Task prompt:
All of the data should be repeated exactly; pictures are not part of the copy.

┄┄┄┄┄┄┄┄┄┄┄┄┄┄┄┄┄┄┄┄

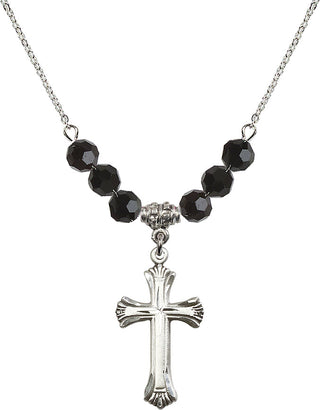 18" Rhodium Plated Necklace with 4mm Jet Crystal Beads featuring a Sterling Silver Cross Medal. Engraved Catholic Saint Jewelry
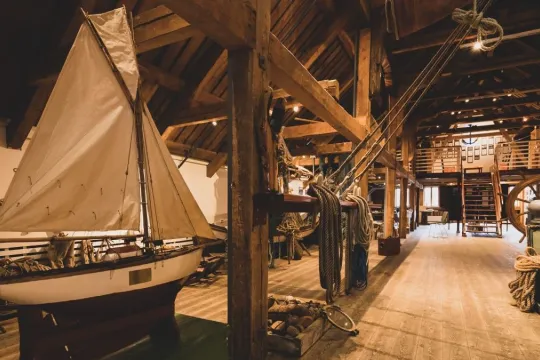 Sailboat model in the exhibition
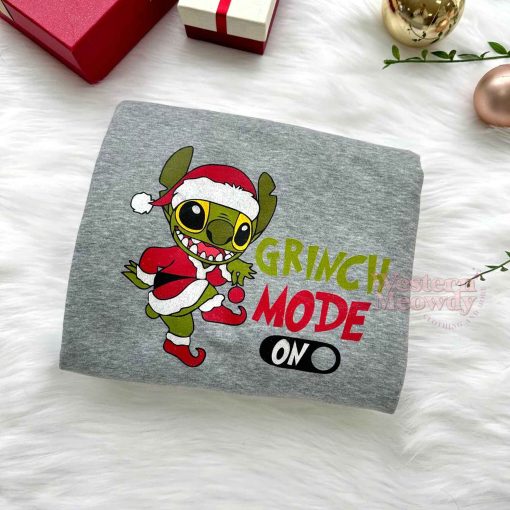 Stitch Christmas Mode on Sweatshirt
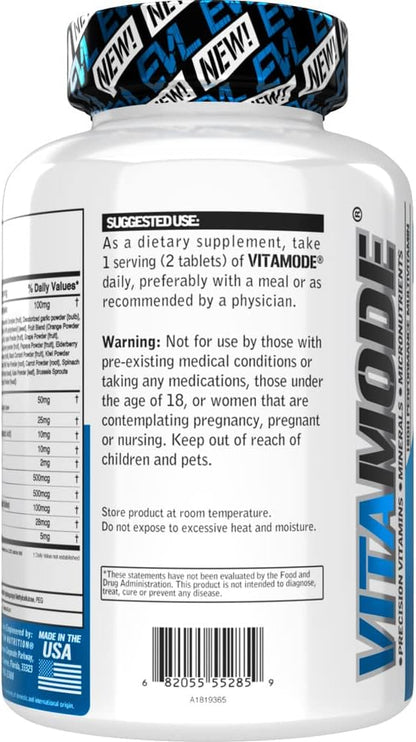 EVL Advanced Daily Multivitamin for Men - Men's Multivitamin with Essential Minerals Phytonutrient Complex and VitaMode Active Mens Vitamins for Energy with Lycopene for Muscle Bone and Immune Support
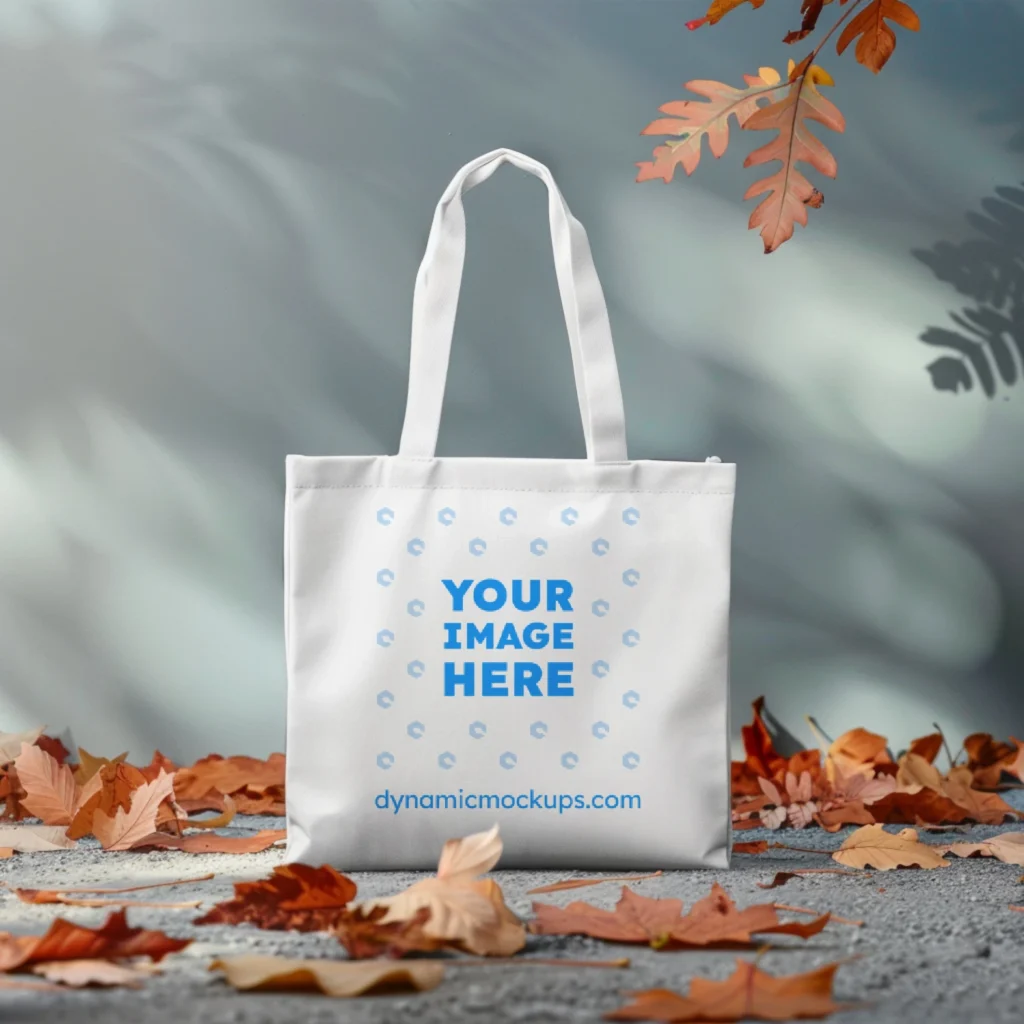 White Canvas Tote Bag Mockup Front View Template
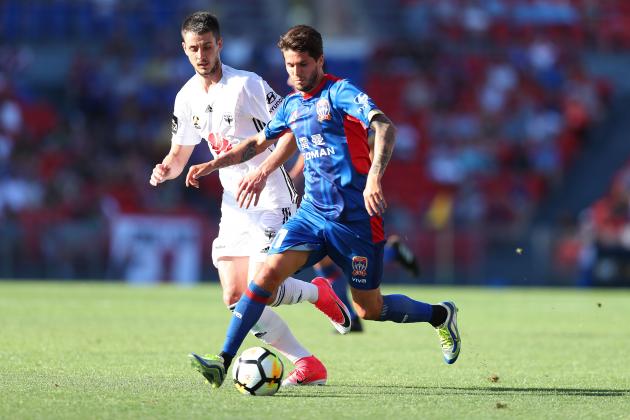 NEWCASTLE, AUSTRALIA - JANUARY 20:  Patricio Rodriguez of the Jets controls the ball during the round 17 A-League match between the Newcastle Jets and Wellington Phoenix at McDonald Jones Stadium on January 20, 2018 in Newcastle, Australia.  (Photo by Tony Feder/Getty Images)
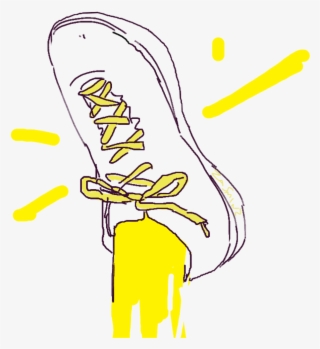 Shoe Digitaldrawing Digitalart Blacklines Yellow Png #7298415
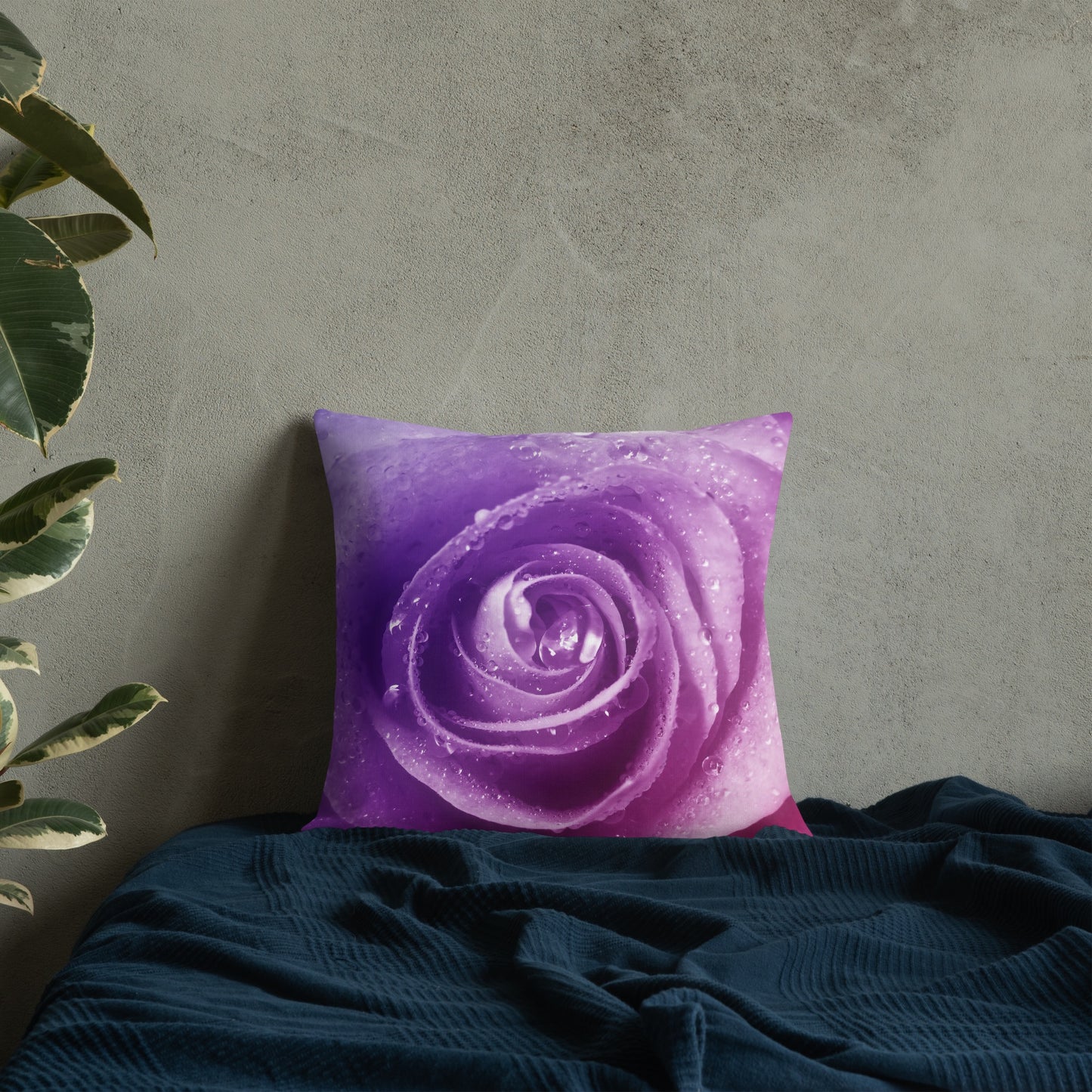 Premium Pillow With Beautiful Pink Rose Photo - Hints Of Purple - Stylish Floral Home Décor, Perfect Gift For Nature And Flower Lovers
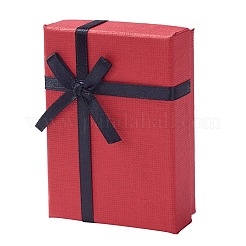 Kraft Cotton Filled Rectangle Cardboard Jewelry Set Boxes with Bowknot&nbsp;CBOX-D028-04
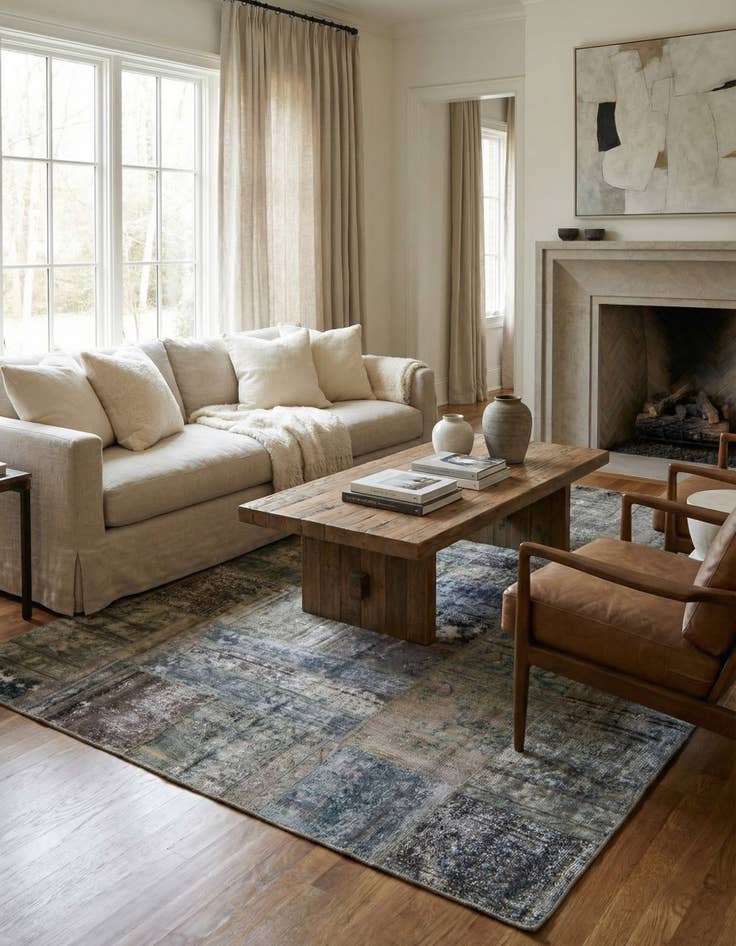 Detail image of 6' x 9' 1  Hand Knotted Ultra Vintage Persian Wool Rug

┄┄┄┄┄┄┄┄┄┄┄┄┄┄┄┄┄┄┄┄

Answer space:
 18" Rhodium Plated Necklace with 4mm Jet Crystal Beads featuring a Sterling Silver Cross Medal. Engraved Catholic Saint Jewelry
 Sailboat model in the exhibition
 Stitch Christmas Mode on Sweatshirt
 EVL Advanced Daily Multivitamin for Men - Men's Multivitamin with Essential Minerals Phytonutrient Complex and VitaMode Active Mens Vitamins for Energy with Lycopene for Muscle Bone and Immune Support
 White Canvas Tote Bag Mockup Front View Template
 NEWCASTLE, AUSTRALIA - JANUARY 20:  Patricio Rodriguez of the Jets controls the ball during the round 17 A-League match between the Newcastle Jets and Wellington Phoenix at McDonald Jones Stadium on January 20, 2018 in Newcastle, Australia.  (Photo by Tony Feder/Getty Images)
 Shoe Digitaldrawing Digitalart Blacklines Yellow Png #7298415
 Premium Pillow With Beautiful Pink Rose Photo - Hints Of Purple - Stylish Floral Home Décor, Perfect Gift For Nature And Flower Lovers
 Kraft Cotton Filled Rectangle Cardboard Jewelry Set Boxes with Bowknot&nbsp;CBOX-D028-04
 Detail image of 6' x 9' 1  Hand Knotted Ultra Vintage Persian Wool Rug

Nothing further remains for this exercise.